• [Dataset extract]:
━━━

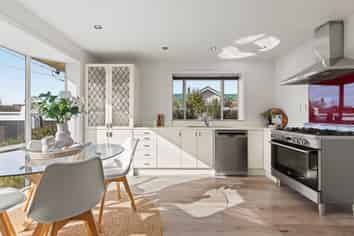 138 Rocking Horse Road, Southshore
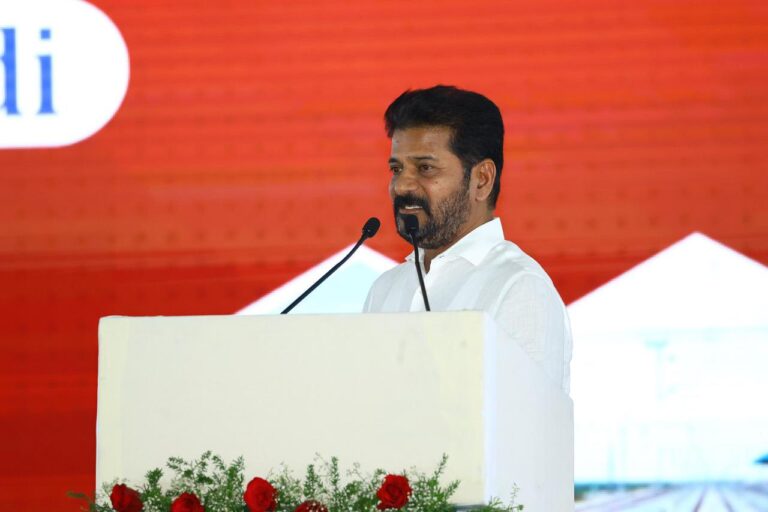 ‘ತೆಲಂಗಾಣ ಅಭಿವೃದ್ಧಿಯಾಗಬೇಕಾದರೆ ಗುಜರಾತ್ ಮಾದರಿ ಅನುಸರಿಸಬೇಕು..’; ಮೋದಿಯನ್ನು ‘ದೊಡ್ಡಣ್ಣ’ ಎಂದ ಕಾಂಗ್ರೆಸ್ ಸಿಎಂ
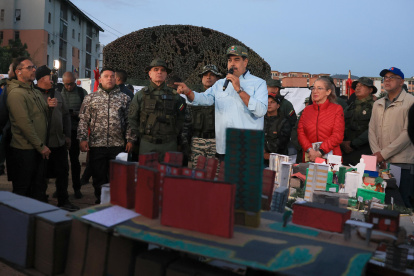 Nicolás Maduro (c), hablando junto al ministro del Poder Popular para la Defensa, Vladimir Padrino López (i), este 11 de septiembre de 2025, en Venezuela.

━━━

• [Goal of the exercise]:
Print the material above once more, exactly, minus the pictures.

• [Answer for the task]:
 138 Rocking Horse Road, Southshore
 ‘ತೆಲಂಗಾಣ ಅಭಿವೃದ್ಧಿಯಾಗಬೇಕಾದರೆ ಗುಜರಾತ್ ಮಾದರಿ ಅನುಸರಿಸಬೇಕು..’; ಮೋದಿಯನ್ನು ‘ದೊಡ್ಡಣ್ಣ’ ಎಂದ ಕಾಂಗ್ರೆಸ್ ಸಿಎಂ
 Nicolás Maduro (c), hablando junto al ministro del Poder Popular para la Defensa, Vladimir Padrino López (i), este 11 de septiembre de 2025, en Venezuela.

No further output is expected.